Rosa Parks, Mother of Freedom
On Dec. 1, 1955, Rosa Parks, a 42-year-old department store worker in Montgomery, Alabama, was tired. She could not wait to get home. As she did almost every day, Parks got on a bus that would take her back to her family. But this was no ordinary day.
At that time, laws in many Southern states said that African American bus riders had to sit in the back of the bus. They also had to give up their seats to a white person when there were no empty seats. Parks would have none of that on this afternoon. She had had enough.
Unfair Treatment
Parks was tired of the unfair treatment African Americans faced. In the South, where segregation, or the separation of blacks and whites, was the law, African Americans were not permitted to use many services used by other Americans. African Americans had to use separate water fountains. They had to go to separate schools. They had to eat in separate restaurants.
So, when a white man asked Parks to give up her seat that December day, she refused. The police arrested her. Parks was later fined $10, plus $4 in court costs.

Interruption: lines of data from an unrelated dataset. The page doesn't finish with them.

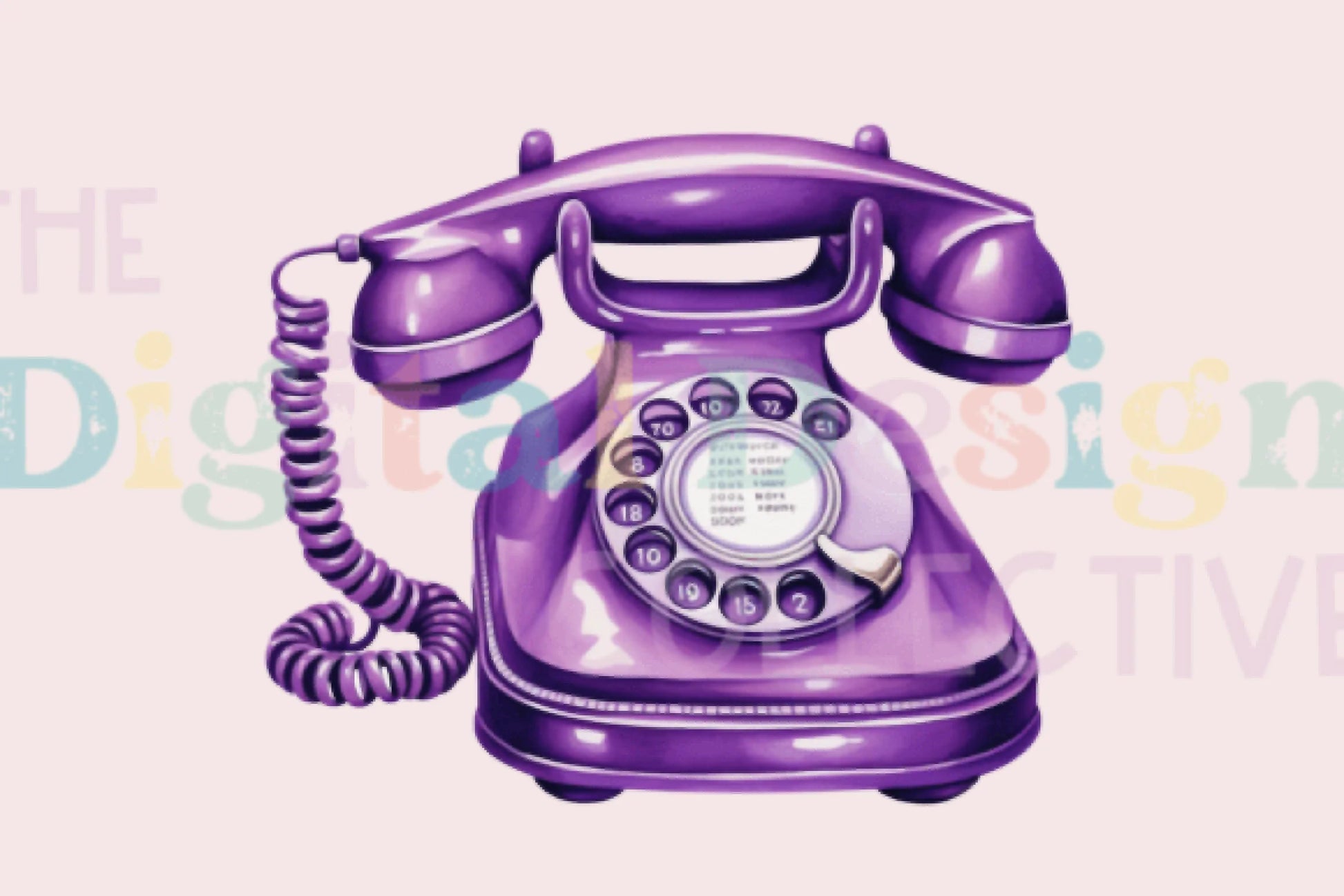 Purple Floral Vintage Phone Clipart Bundle - CraftNest - Digital Crafting and Art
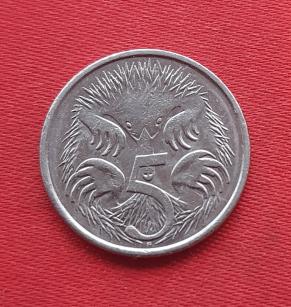 Australia 5 Cents - Elizabeth II 2016 Copper-Nickel Dia 19.41 mm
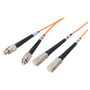 OM2 50/125, Multimode Fiber Cable, Dual FC to Dual SC 4.0m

Mother of the Civil Rights Movement
That is not the end of the story. By refusing to give up her bus seat, Parks become the mother of the Civil Rights movement in the United States. Her actions started a 381-day boycott of Montgomery's bus system. A boycott is a protest in which people refuse to do business with a company or person. The Rev. Martin Luther King, Jr., led the Montgomery Bus Boycott. African Americans living in Montgomery refused to ride the buses for over a year.
Finally, the U.S. Supreme Court ruled in November 1956 that segregation on buses and in other public transportation went against the United States Constitution. Soon, the court system would overturn laws that separated blacks and whites in public places, such as theaters and businesses.
Honoring a Hero
The bus boycott had been a success, but Parks and her husband lost their jobs. In 1957, they moved to Detroit with Parks' mother, Leona McCauley. Until 1987, Parks worked for Congressman John Conyers, one of Michigan's Representatives to the U.S. Congress. Although Parks passed away in 2005 at the age of 92, her legacy continues. The Senate has decided to honor Parks by erecting a statue of her at the United States Capitol in Washington, D.C. Parks will be the first African American woman to be honored in this way.